トリブラス(別名:パンクチャーヴァイン)は、黄色い花をつける植物で、主にサプリメントとして販売されています。ステロイドに似たアナボリック効果やテストステロン上昇を期待して摂取する人が多いですが、ヒトを対象とした臨床試験では一貫した効果は確認されていません。
筋力トレーニング
ボディビルダーは、ステロイドに比べ副作用が少なく法的制限もない点から、トリブラスを自然な代替品として利用することがあります。しかし、現在のところ、トリブラスが筋肉の増加やホルモンレベルに顕著な影響を与えるというエビデンスは乏しいです。
2000年の研究では、トリブラス摂取がホルモンや筋力に与える影響を調べましたが、ホルモン変化は認められませんでした。別の研究ではわずかなテストステロン上昇が報告されていますが、実際のアナボリック効果はごく小さいと考えられます。
勃起不全(ED)
2002年の動物実験では、トリブラス抽出物を投与したオスラットの性的行動が増加し、去勢したラットでも同様の傾向が見られました。統計的に有意な結果が得られたため、さらなる研究が求められています。

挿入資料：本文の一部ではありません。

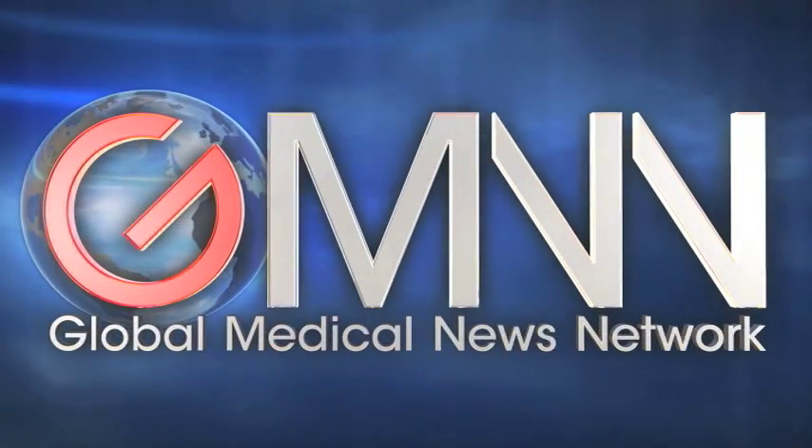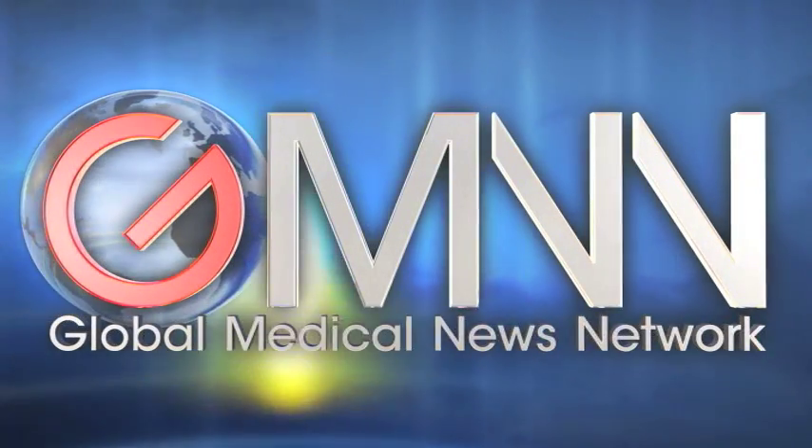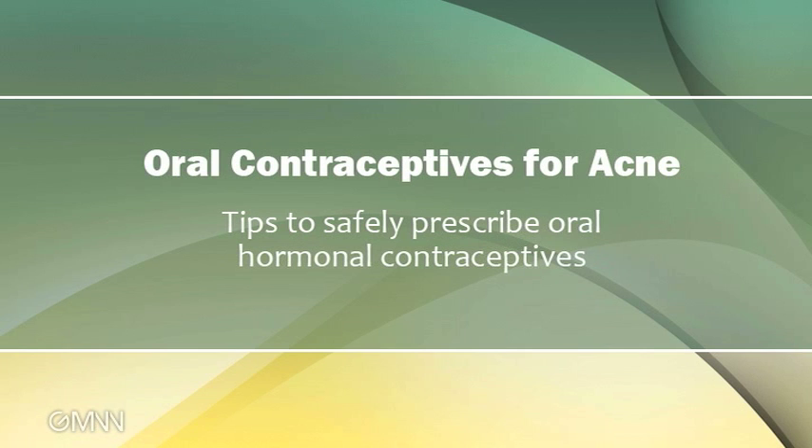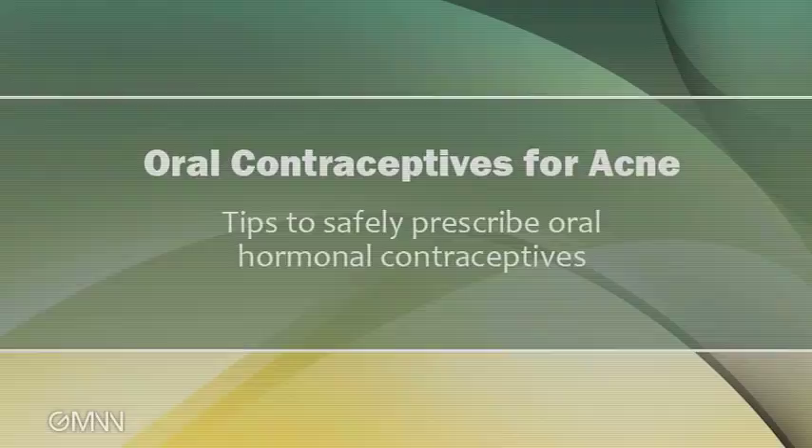This is Damian McNamara, Global Medical News Network, at the American Academy of Dermatology Annual Meeting. With me is Dr. Julie Harper of the Dermatology and Skin Care Center in Birmingham. At this meeting you're talking about hormonal contraceptives and why it's important to consider when dermatologists prescribe these for acne. Can you tell me why that's controversial?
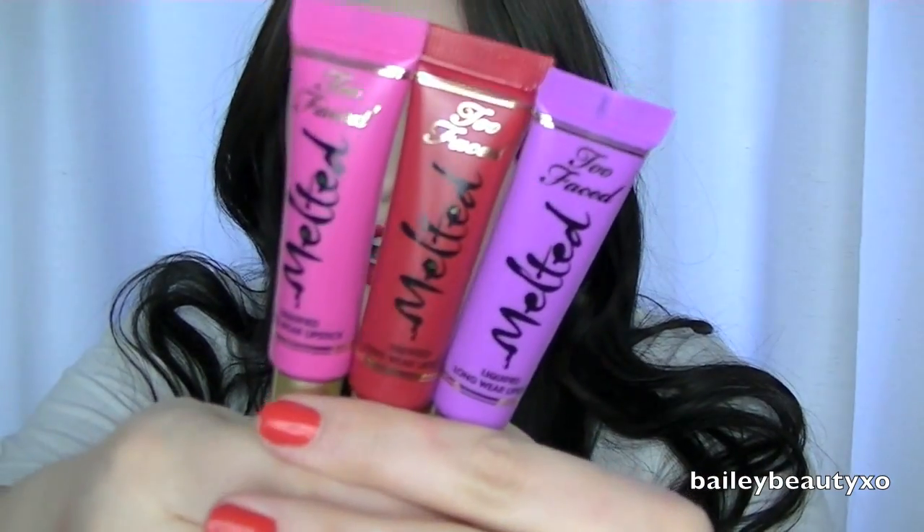The packaging on these is literally to die for. They are so adorable and cute — I literally cannot get enough of them, and the boxes are just as pretty. They look like something you want to sit on your vanity, it's so pretty. But that's the case with all Too Faced products — all of their products are just gorgeous.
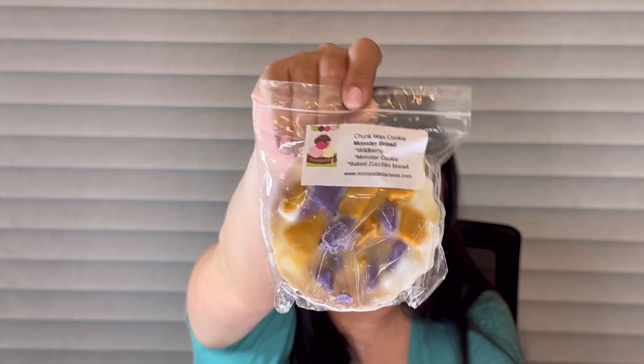Next I got a chunk wax cookie in Monster Bread: wild berry, monster cookie, and baked zucchini bread. I feel like this is perfect for me — I couldn't have handpicked better scents if I wanted to. This smells very familiar to me. I love this — that baked zucchini bread just really stands out and it smells divine. Wild berry and monster cookie together — this is a top tier blend, I love this.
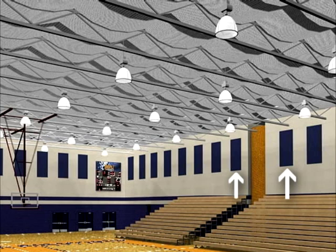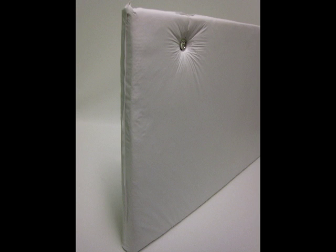Alpha and Viro acoustical wall panels are often the first choice when treating gyms. They reduce echo and reverberation in spaces by absorbing sound waves before they have a chance to bounce from wall to wall.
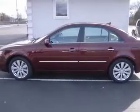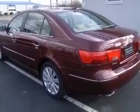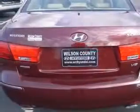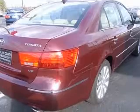4-wheel ABS brakes, 8-way power adjustable driver's seat, air conditioning with dual-zone climate control, alloy wheels, anti-theft device, audio controls on steering wheel, CD player, center console, full with covered storage.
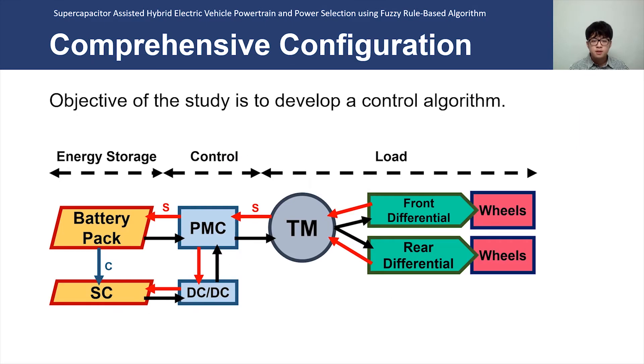With this slide, a more comprehensive configuration of the powertrain, which can be largely divided into energy storage, control, and load, can be seen. In this research, the objective was to develop a control algorithm that works in real time with weight-varying electric vehicles to optimally select the supercapacitor phase during high power demand.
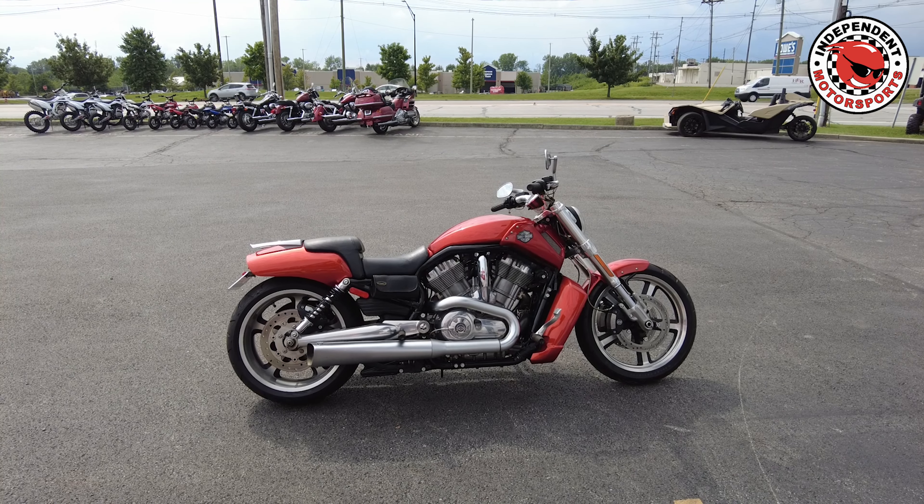These are just awesome power cruiser bikes. They do great on the freeway, great around town. They handle real nice. They have a ton of torque. And all around fun bike to ride.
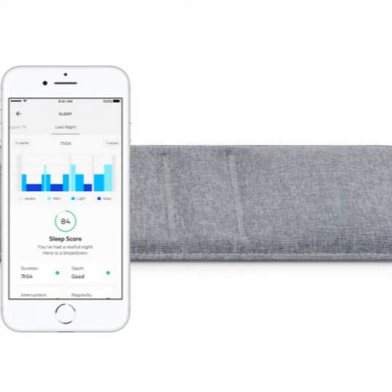The third signal, which is for me the most incredible, is the heart activity. Each time your heart beats, you have a mechanical wave that propels through your body and through the mattress. We can clearly see the heart activity from that place. Those three signals are what we use to compute metrics: heart rate during the night, sleep stages, and so on.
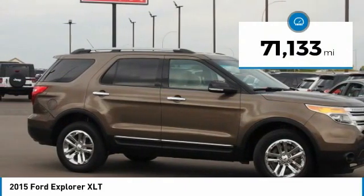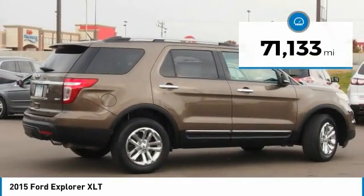This vehicle has less than 75,000 miles. Here are some of this vehicle's great options.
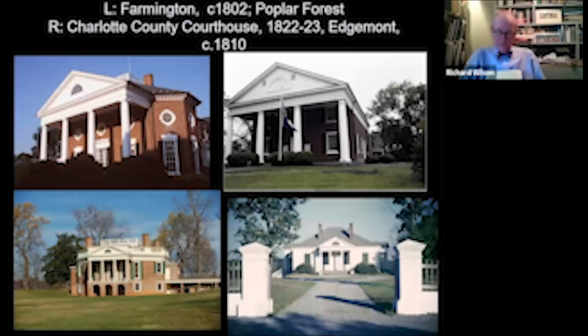Jefferson is involved in a lot of other buildings. All you had to do was say 'Mr. Jefferson, I'd like a house,' and he would come up with designs. He designed buildings for himself, such as Poplar Forest as a getaway, but also several courthouses and houses such as Farmington and Edgemont. The point is that Jefferson is sometimes called a gentleman architect or amateur architect, but I think that's unfair. He is a person who really knew all about architecture.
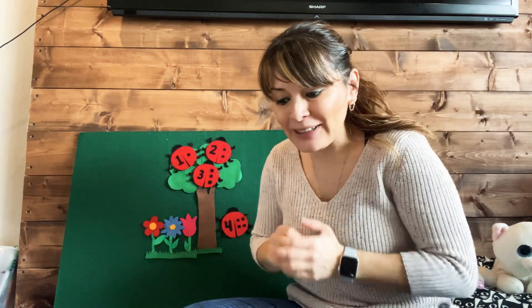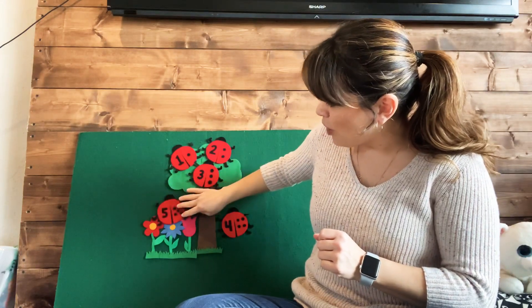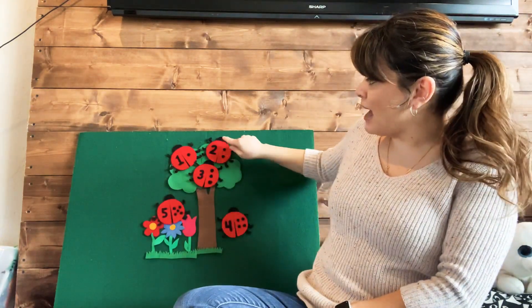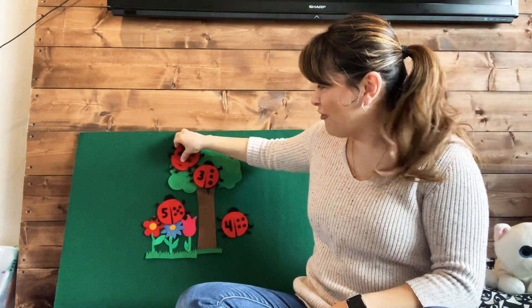Four little ladybugs, another one arrived. I saw one sitting on a flower and that made five! Way to go! Five little ladybugs, all red and black. I clapped my hands and shouted — and they all flew back.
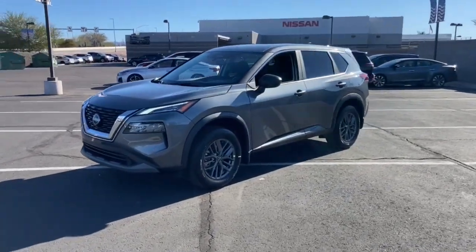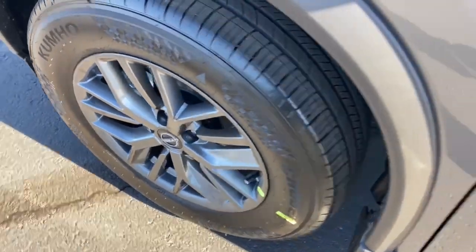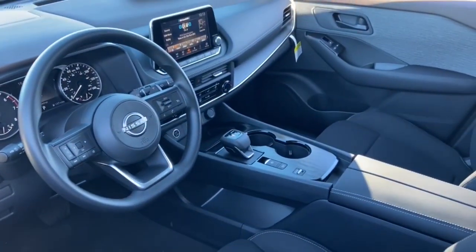Spacious comfort is surprisingly efficient in this well-designed Rogue. See for yourself when you take it out for a test drive. Our professional staff looks forward to giving you excellent service.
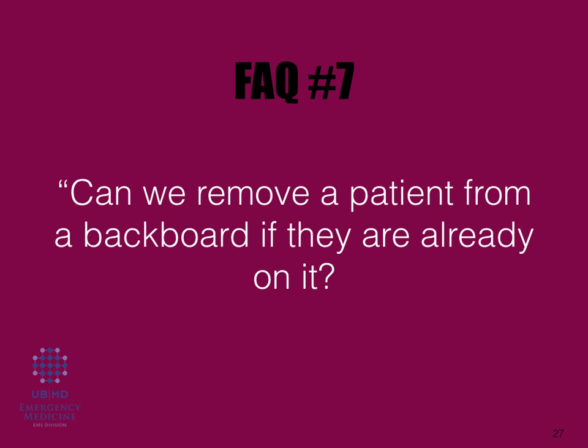Can you remove a patient from a backboard if they're already on it? Yes. By using this protocol, if a patient were placed on a long spine board or had a cervical collar placed and then placed on the long spine board, the higher level of care on scene can make the determination — essentially acting as a tiebreaker. If it's basic EMT to basic EMT on scene, the person who is going to transport the patient to the hospital is the tiebreaker. If neither can agree, contact online medical direction — we'll be happy to help.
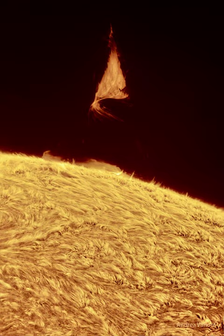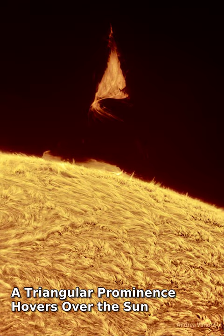Why is there a triangle hovering over the sun? Although the shape is unusual, the type of structure is not. It is part of an evolving solar prominence.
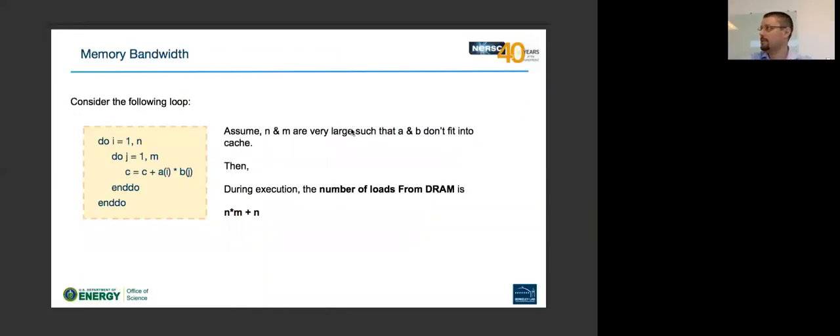So that was big concept number two. To recap: concept one was MPI plus X, thinking explicitly about inter-node and on-node parallelism. Concept two was vectorization, making sure we're using the vector units efficiently. Big concept number three is memory bandwidth — understanding how your application uses the memory system and the bandwidths it requires.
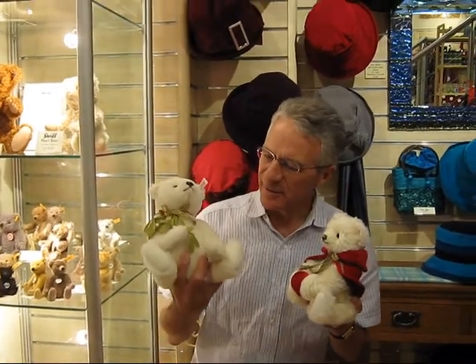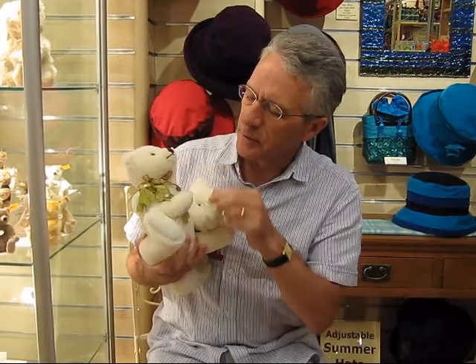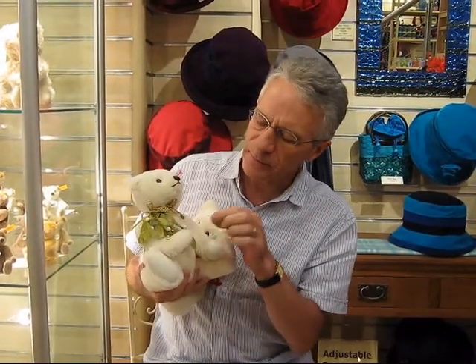Here are this year's Steiff Christmas bears. In my right hand I've got Mistletoe Bear. She's lovely — she's got a gold collar here, and reviving an old Steiff tradition of using felt in their toys, this lovely felt mistletoe. She's the most gorgeously soft alpaca, and she comes in a limited edition of 1,500 pieces.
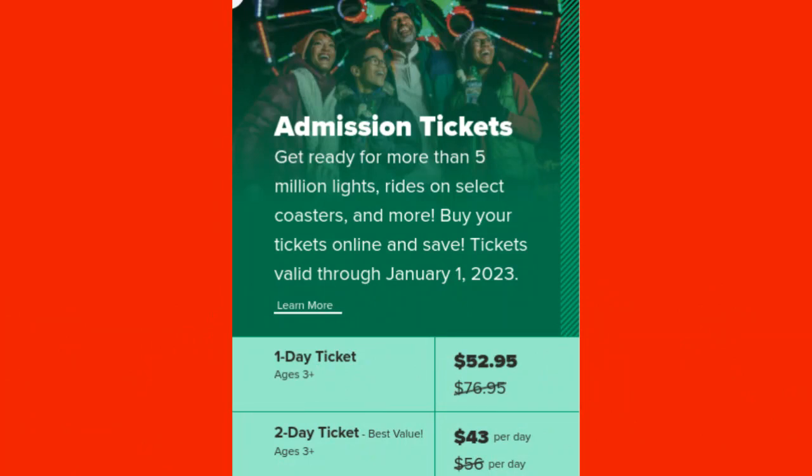There are two types of admission tickets. The first one is for ages 3 years old and up and that's their one day ticket for $52.95. And then there is a two day ticket, which is going to be a better value, also for 3 years old and up, at $43 per day.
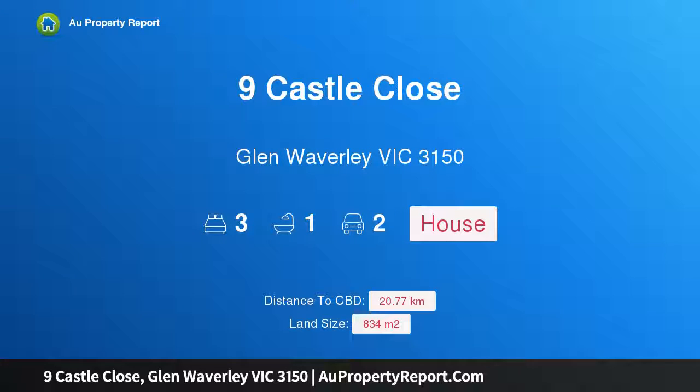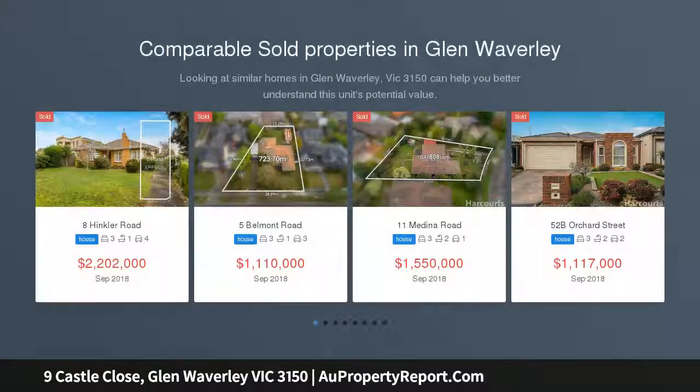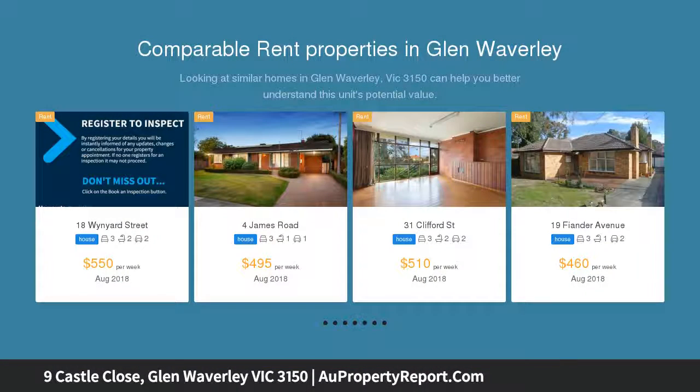Welcome to 9 Castle Close, Glen Waverley, Victoria 3150. This fabulous family entertainer's home is in a court location with the added security and privacy of a no-through road, as well as great peace and quiet. The home sits on land of around 834 sqm, providing plenty of room to stretch out.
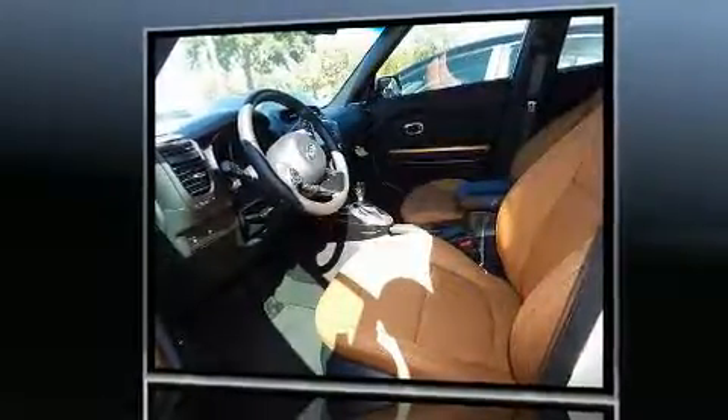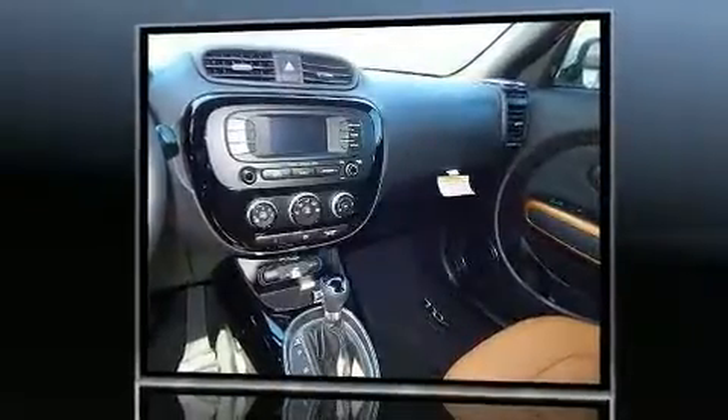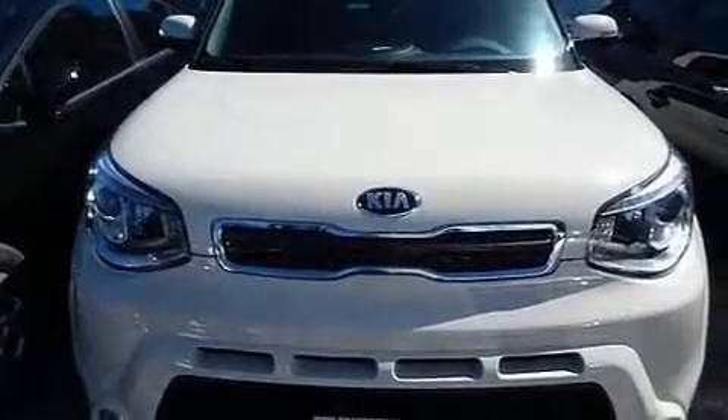Kia prioritized comfort and style by including one-touch window functionality, front fog lights, power door mirrors and heated door mirrors, and cruise control.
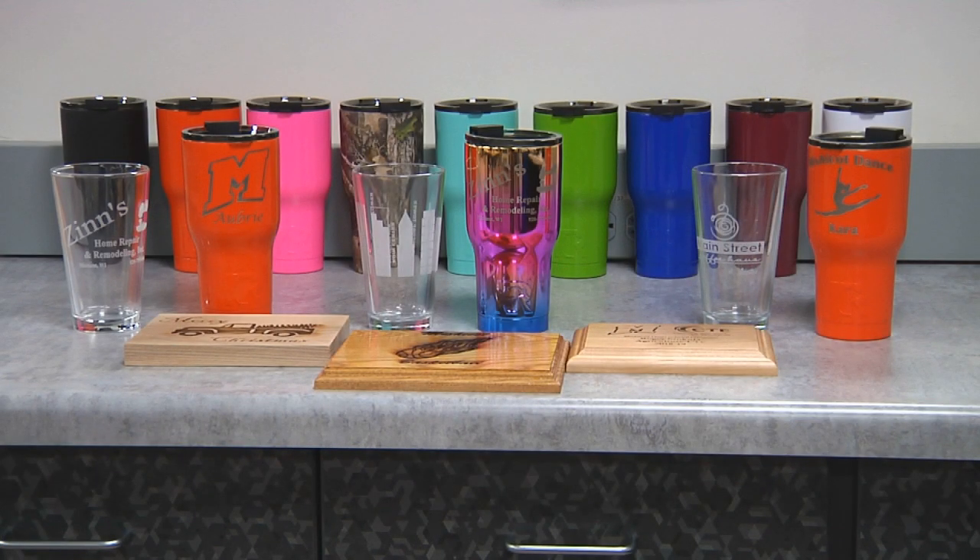Michigan Enterprise is a student-run business utilizing the high-tech equipment we have in our fab lab to produce tumblers, glasses, and plaques — which is what we're currently working on.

ヒトにおいては、体系的な臨床試験はまだ実施されていません。ラットでテストステロン受容体に影響を与える可能性は示唆されていますが、ヒトへの効果は理論的な段階にとどまります。トリブラスをヨヒンビなど他の性機能向上ハーブと組み合わせた製品も市販されています。
ポストサイクル療法(PCT)
アナボリックステロイド使用後のホルモンバランス回復を目的として、トリブラスを取り入れるケースがあります。性欲向上や潜在的なアンドロゲン作用が期待されますが、これを直接検証した研究はありません。
副作用がほとんど報告されていないことから、一部のハーブ専門家やスポーツ医学の専門家は「試す価値はある」としています。しかし、科学的データは一貫性に欠け、全体的な有効性はまだ不確かです。